A study just released shows a strong racial bent to these marijuana police arrests between 1998 and 2007. In that period 374,900 people were arrested with the most serious crime being misdemeanor possession of marijuana. That is eight times the number of arrests on those same charges in the period between 1988 and 1997, when 45,300 people were arrested. Also found in the study of the 1998 to 2007 period: 90 per cent of those arrested were men, and 83 percent were black or Latino.

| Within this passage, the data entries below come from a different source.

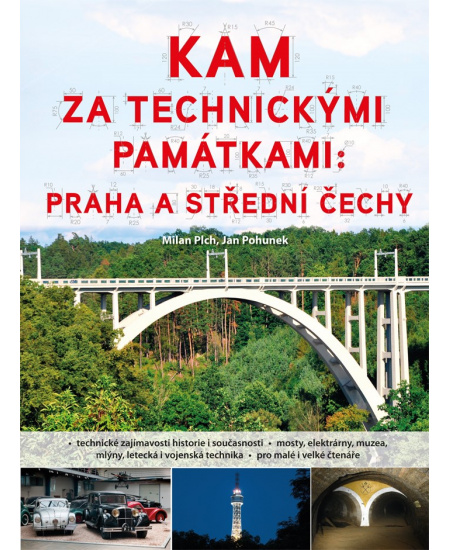 Kam za technickými památkami: Praha a střední Čechy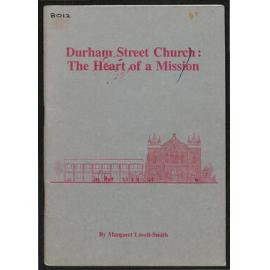 Durham Street Church: The Heart of a Mission - 1964-1989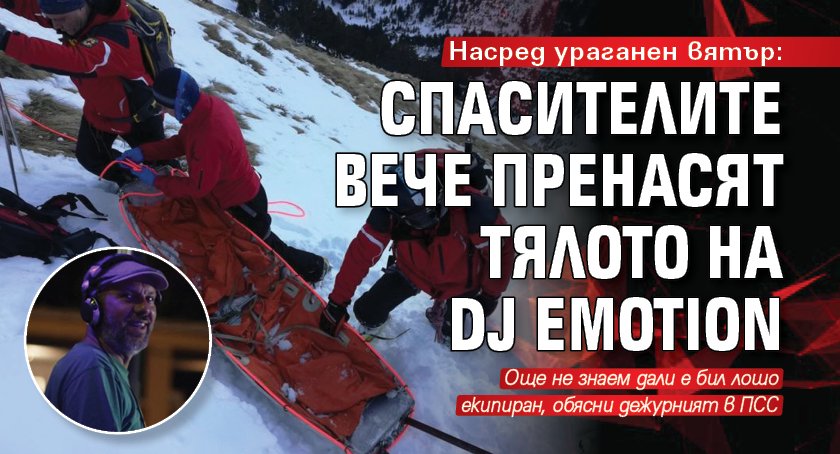 Насред ураганен вятър: Спасителите вече пренасят тялото на DJ Emotion 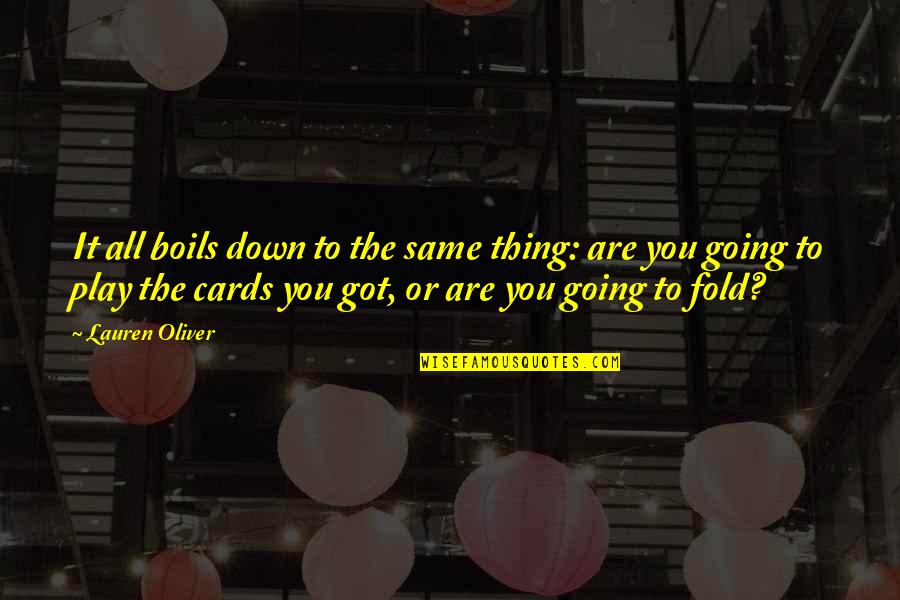 Drazens Department Quotes By Lauren Oliver: It all boils down to the same thing: Drazens Department Quotes By Lauren Oliver: It all boils down to the same thing: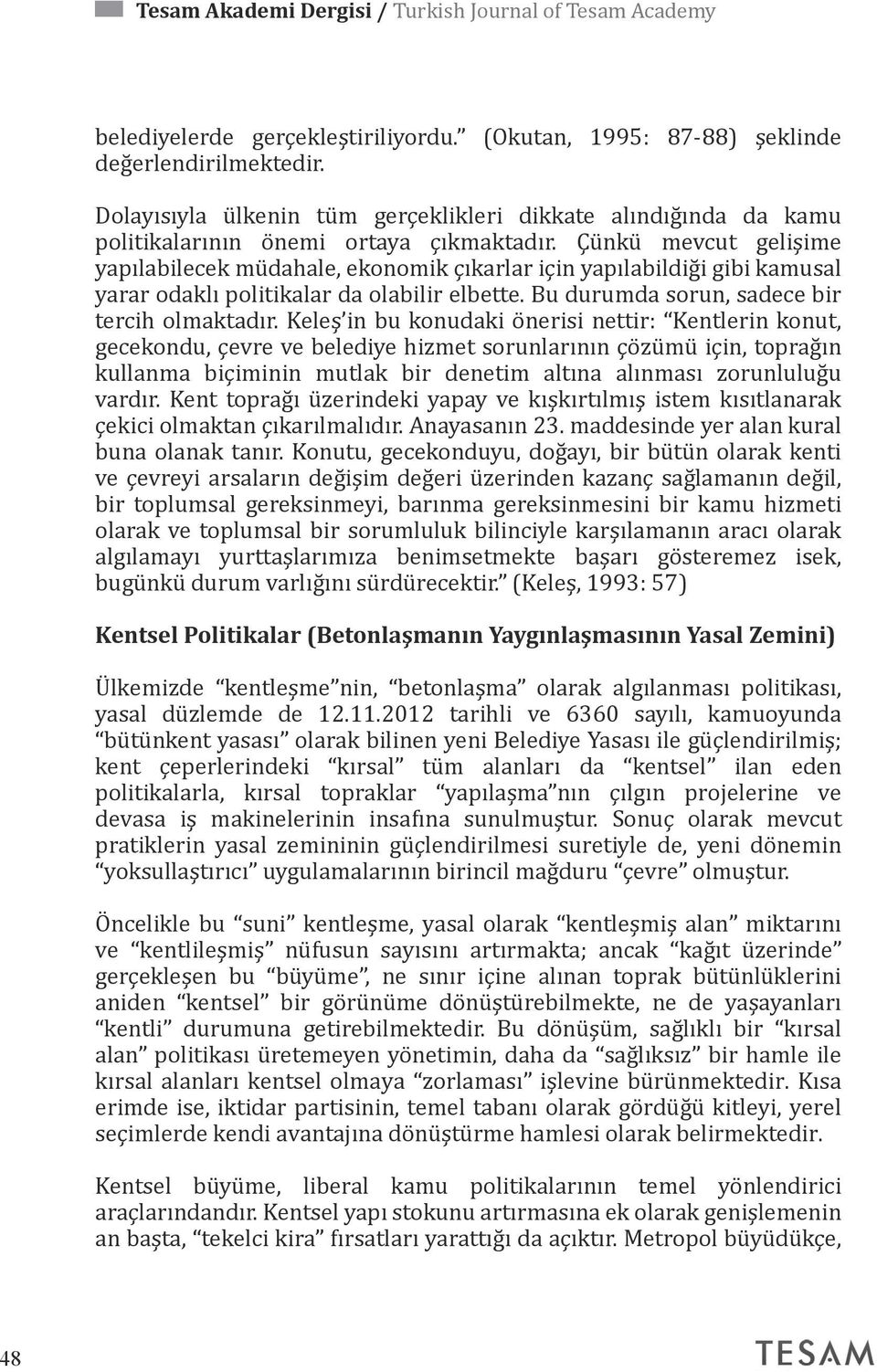 Çünkü mevcut gelişime yapılabilecek müdahale, ekonomik çıkarlar için yapılabildiği gibi kamusal yarar odaklı politikalar da olabilir elbette. Bu durumda sorun, sadece bir tercih olmaktadır.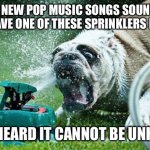 Most new pop songs sound like they have one of these sprinklers in them once heard it cannot be unheard | MOST NEW POP MUSIC SONGS SOUND LIKE THEY HAVE ONE OF THESE SPRINKLERS IN THEM; ONCE HEARD IT CANNOT BE UNHEARD! | image tagged in sprinkler,pop music,funny,meme,memes,pop culture | made w/ Imgflip meme maker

Whites, who are 35 percent of the City’s population, were only 15 percent of those charged, even though federal surveys show that whites are more likely than blacks or Latinos to use marijuana.
How do the police arrest 374,900 for marijuana possession when it must be found either “burning” or ‘open to public view?”. A 25-year old white man who appeared last week in Manhattan Criminal Court explained how he had come to be charged with possession of marijuana. He had come out of a building when an unmarked car came right up to him. An officer got out and told him to “give him the weed.” The police officer said: “Give me the weed now and I will give you a summons, or we can search your vehicle and can take you in.” The 25- year-old took the offer. He opened the console of his vehicle and handed the marijuana to the police officers – making it “open to public view”.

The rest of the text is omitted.